Test that you can load and use the pickled pipeline.

For no good reason other than that I say so, create a new python file (not a new jupyter notebook!) in the root of your repository. For my review purposes and no other, call your new file test_pickled_model.py.

In this file, unpickle your model.pkl, and run predict_proba against it using your newdata. You can import your newdata variable from newdata.py using an approach like this:

# test_pickled_model.py

newdata = ____ # load your newdata, see sections above...

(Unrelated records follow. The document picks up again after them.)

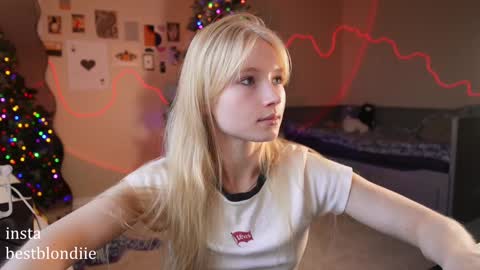 Snapshot of bestblondiiecb chatting on 12-20-24, 06:13 Chloe Next stream on Friday online show from 12-20-24, 06:13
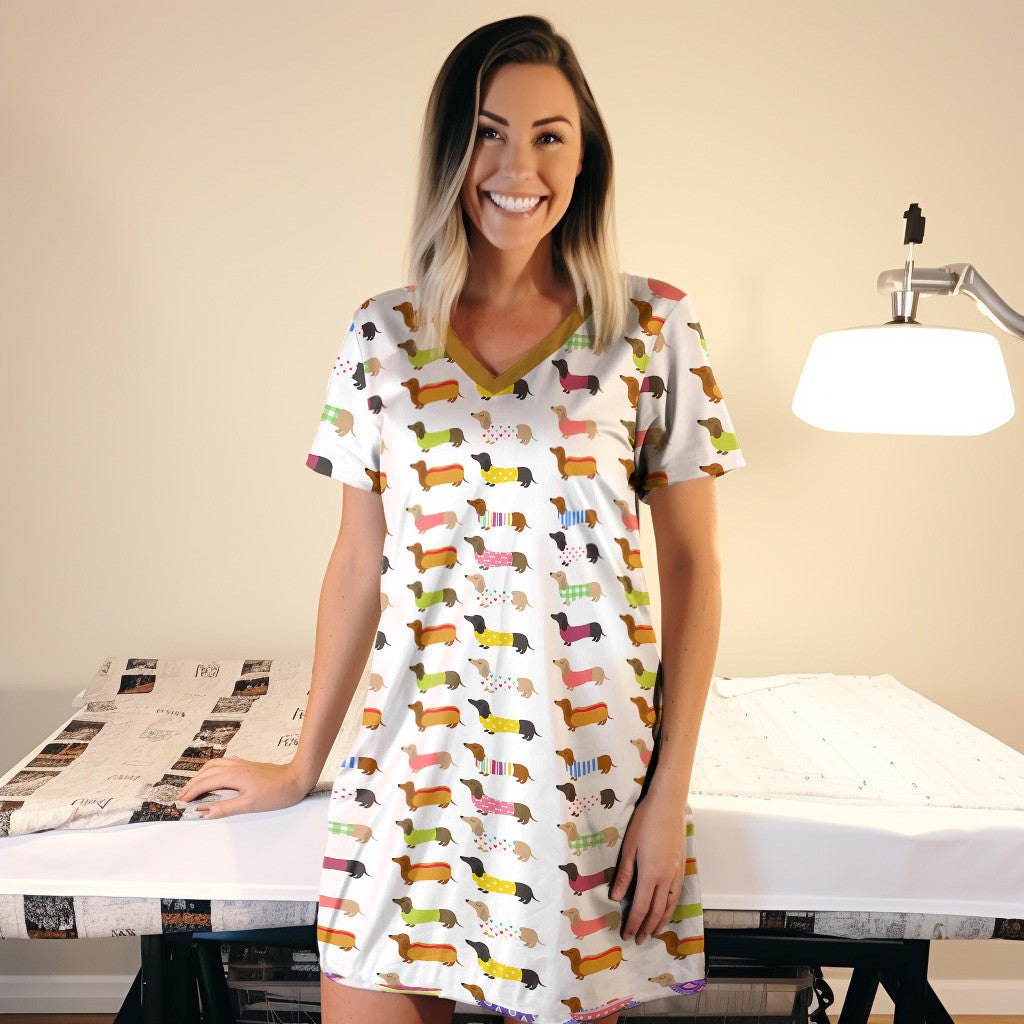 Dachshund Shineful® V-Neck Nightshirts Polka Dots Tl10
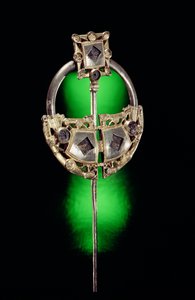 بروش حلقي ، Ardagh Hoard ، Reerasta ، County Limerick ، Viking Age (silver-gilt) بواسطة سلتيك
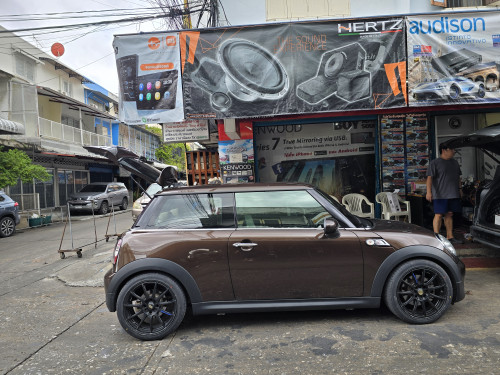 อัปเกรด Mini Cooper S ให้ทันสมัยด้วยจอแอนดรอยด์ตรงรุ่น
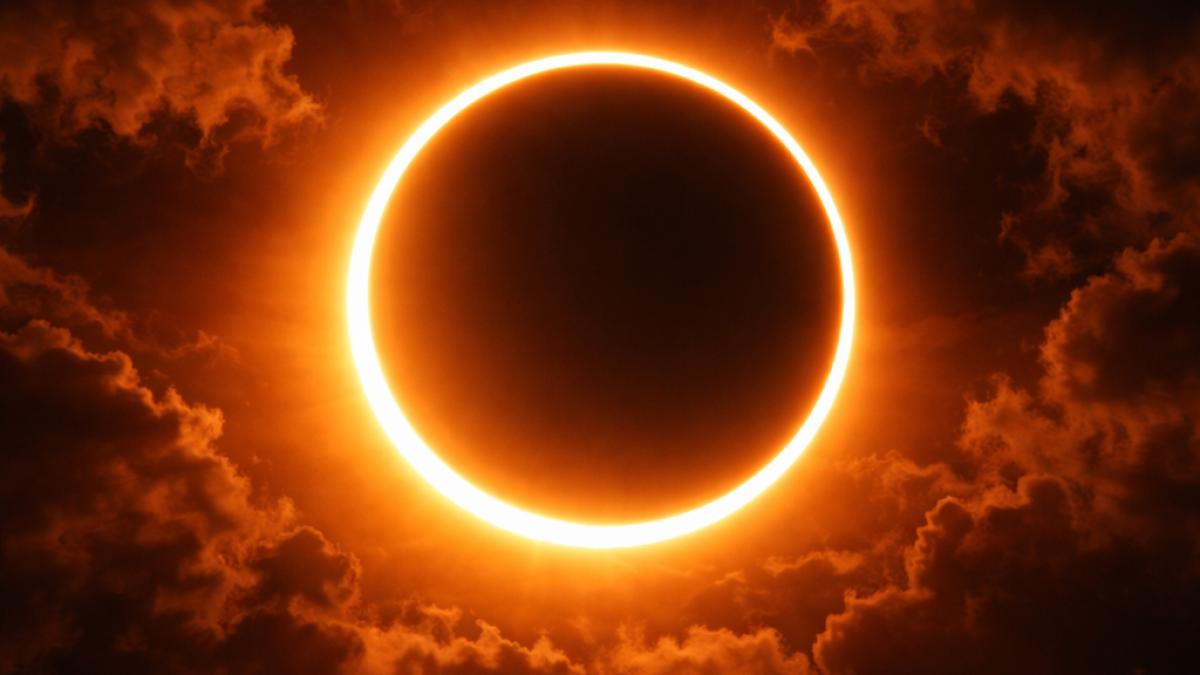 Eclipsă de Soare pe 17 februarie 2026. Șapte zodii zguduite din temelii. Adevăruri ascunse ies la lumină, iar schimbările devin inevitabile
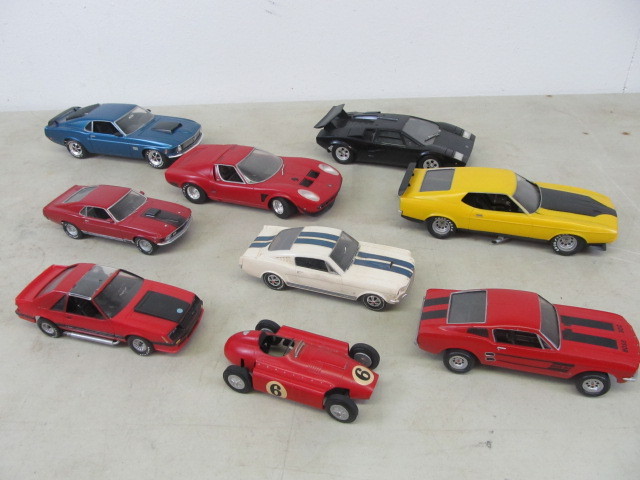 lot 33 image: Vintage Assembled Model Cars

pipe = ____ # unpickle the pipe...

# `model.predict` and friends expect a 2-d array of data. If your newdata is
# one-dimensional, make it two-dimensional by wrapping it in a list.
# numpy can be used to check the number of dimensions of a list.
#    
#    import numpy as np
#    newdata = np.array(newdata)
#    if newdata.ndim == 1:
#        newdata = [newdata]

predictions = pipe.predict_proba(newdata)
print(predictions)

Run your test python file by invoking it from a shell that has your environment active. For instance, if my environment were called pickled-piper, me runnning the file might look like this:

(deploy-ml) /projects/deploy-ml $ python test_pickled_model.py

Deliverable

Using your dataset, create a github repository with the following files:

  • README.md

    This file should:

    • describe your repository
    • tell users how to install all requirements using pip
    • tell users how to fit a model
    • tell users how to use the test file
  • .gitignore
  • requirements.txt

    Should include each package necessary to run your notebook and test file

  • fit-model.ipynb
    • Should be able to load your dataset if run by an anonymous user
    • should fit a pipeline / model using your data, using any classifier you choose
    • should pickle the model
  • newdata.py or newdata.json depending on your chosen approach

    Should contain data that is compatible with your pickled model (should be able to be fed to predict)

  • test_pickled_model.py Should load your test data and feed it to your unpickled model to get a prediction. Should print the prediction.